Cerco tem alto preço para população de Aleppo
2 de agosto de 2016O número de bombardeios vem aumentando em Aleppo e nas cidades vizinhas. Há poucos dias, uma série de 26 ataques aéreos do regime sírio e da Rússia atingiram Al-Atareb, nos arredores de Aleppo e controla pela oposição, matando 42 civis em apenas 24 horas.
Depois de o único hospital da cidade ser bombardeado quatro vezes em apenas uma hora e meia, o centro cirúrgico não tinha mais condições de operar, algo preocupante sobretudo para os que necessitavam de cirurgias imediatas. Apesar de muitos terem sido encaminhados para a Turquia, somente os gravemente feridos têm permissão de cruzar a fronteira, e a viagem geralmente impõe uma série de perigos adicionais.
"Dependendo de onde um paciente está, transportá-lo para a Turquia pode exigir passar pelas Forças Democráticas Sírias, pelo 'Estado Islâmico' ou por áreas controladas pelo regime", afirma o médico Hassan, que coordena as remoções médicas com a Associação Internacional de Médicos. "Muitas vezes o risco não compensa."
A poucos quilômetros da devastada Al-Atareb, os feridos em Aleppo têm ainda menos opções. Desde o mês passado, quando o Exército sírio fechou a estrada Castello – a única via de ligação entre o lado oriental da cidade, controlado pela oposição, e o ocidental, controlado pelo regime –, um cerco total foi imposto a Aleppo.
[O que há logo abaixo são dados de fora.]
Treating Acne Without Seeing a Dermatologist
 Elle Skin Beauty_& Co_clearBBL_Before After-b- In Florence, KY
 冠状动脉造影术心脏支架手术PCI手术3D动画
"Tudo mudou com o cerco", conta Khaled, de 25 anos e que trabalha com a Defesa Civil Síria, um grupo de socorristas. "Estamos ficando sem comida. O preço de um quilo de arroz passou de 100 para 500 libras sírias (cerca de 1,50 para 7,50 reais). A maioria das lojas fechou suas portas."
Para os trabalhadores do setor da Saúde em Aleppo, que ficaram conhecidos por seguir atuando mesmo sob as circunstâncias mais terríveis, o cerco trouxe ainda mais desafios. Mesmo a estrada Castello sendo notoriamente perigosa, com ataques aéreos tendo como alvo tudo o que se move, ainda se tratava de uma via essencial de ligação com a cidade, sobretudo para a comunidade médica.
Agora, os 33 médicos ali remanescentes dependem de reservas emergenciais de suprimentos médicos para tratar os cada vez mais frequentes ferimentos de guerra e casos de subnutrição, enquanto hospitais são bombardeados e impedidos de funcionar.
"Os hospitais estão superlotados", diz Mohamed Katoub, diretor de estratégia da Associação Médica Sírio-Americana (SAMS). No leste de Aleppo, o número de pacientes por médico é de 9.090 para um, enquanto a média global é de 300 para um. "Eles têm que tratar muito mais gente do que estão acostumados", afirma Katoub.
Falta de suprimentos
De acordo com Katoub, trabalhadores médicos já previam o cerco e vinham estocando suprimentos nos últimos seis meses. No entanto, ataques como o que teve como alvo um banco de sangue, na última sexta-feira, mostraram aos médicos que mesmo tendo se preparado com antecedência, seus suprimentos não estão seguros nas circunstâncias atuais.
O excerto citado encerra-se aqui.